There are no gimmicks or flashy flavors at Hollywood’s Vivienne Kitchen & Pantry, a low-key, light-filled café where you can play book hermit with a mug of Extracto coffee and a bowl of nutty porridge, surrounded by unironic china and the wavering croon of Lou Reed. The formerly fusty coffee shop turns out breakfast sandwiches layered with baked eggs, prosciutto and brie and slathered with tarragon aioli, alongside silky polenta wedges set in shallow bowls of cumin and grapefruit juice–braised pork and black beans. A humble morning porridge takes top marks: a toothsome mingle of salted oats and toasted quinoa, creamy with half-and-half and barely sweetened with brown sugar. It comes sided with good yogurt, shards of toasted coconut, pistachios, and ever-changing fruit variants. It’s a perfectly pleasant breakfast for any day of the week.

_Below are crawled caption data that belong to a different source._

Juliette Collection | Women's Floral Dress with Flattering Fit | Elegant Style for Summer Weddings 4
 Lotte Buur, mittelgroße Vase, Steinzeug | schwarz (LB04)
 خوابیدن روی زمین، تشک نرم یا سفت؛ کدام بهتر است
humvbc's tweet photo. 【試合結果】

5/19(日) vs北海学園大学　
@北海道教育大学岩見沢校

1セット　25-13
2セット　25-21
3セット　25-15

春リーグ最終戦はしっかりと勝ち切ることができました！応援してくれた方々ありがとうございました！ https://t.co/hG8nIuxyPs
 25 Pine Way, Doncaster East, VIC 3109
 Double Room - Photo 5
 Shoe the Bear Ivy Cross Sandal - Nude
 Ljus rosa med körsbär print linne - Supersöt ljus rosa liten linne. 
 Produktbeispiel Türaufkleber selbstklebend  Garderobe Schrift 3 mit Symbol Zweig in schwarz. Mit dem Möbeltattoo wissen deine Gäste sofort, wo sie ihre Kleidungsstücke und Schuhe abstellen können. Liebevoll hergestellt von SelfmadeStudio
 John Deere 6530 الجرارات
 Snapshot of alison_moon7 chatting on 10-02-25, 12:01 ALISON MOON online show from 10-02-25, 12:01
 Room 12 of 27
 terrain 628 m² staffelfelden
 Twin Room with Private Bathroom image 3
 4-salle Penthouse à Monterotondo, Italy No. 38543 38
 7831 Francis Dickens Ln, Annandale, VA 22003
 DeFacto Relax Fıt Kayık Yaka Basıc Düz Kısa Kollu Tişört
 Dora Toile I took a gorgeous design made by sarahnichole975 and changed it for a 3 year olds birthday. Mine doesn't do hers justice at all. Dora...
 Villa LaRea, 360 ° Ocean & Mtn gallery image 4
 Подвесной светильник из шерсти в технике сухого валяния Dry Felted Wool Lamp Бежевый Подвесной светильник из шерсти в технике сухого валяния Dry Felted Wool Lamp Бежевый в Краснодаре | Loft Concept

On a frumpy stretch of N Albina Avenue, Sweedeedee proudly serves “pie, breakfast and lunch.” Outside, jars of tea “cook” in the sun. Inside, Maldon salt and hand-cranked pepper mills stand on every table. Big portions, big flavors, great vibes, and most dishes under $10: that’s Sweedeedee. From the tiny kitchen come soups, farm-fresh salads, giant cakes, a righteous honey pie. Sandwiches are towering visions of bacon, beets, and shredded lettuce on fresh cornmeal molasses bread. Breakfast percolates all day, led by the best corn-cakes plate around.

HK Café

A multisensory clamor of grinning maneki-neko cats, extended Asian families, and rattling carts that leave pork- and ginger-perfumed contrails in their wake, this east-side strip-mall hall has quietly usurped Portland’s dim sum crown with its massive roster of flavor bombs. Nibble plump, pork-and-shrimp-popping siu mai dumplings and sautéed green beans heady with tiny fermented shrimp. Sample translucent, sesame- and chile-slicked jellyfish salad, roasted meats, and snack innards. You could graze at this hectic Chinese brunch utopia for hours and never get bored. Flag down a server and demand an egg yolk bun—a yeasty mind-scrambler hiding a drippy trove of hot, sweet golden goo inside. They are round, sugar-crusted, and usually hide in the bottom left-hand corner of the glass-doored carts. Find them.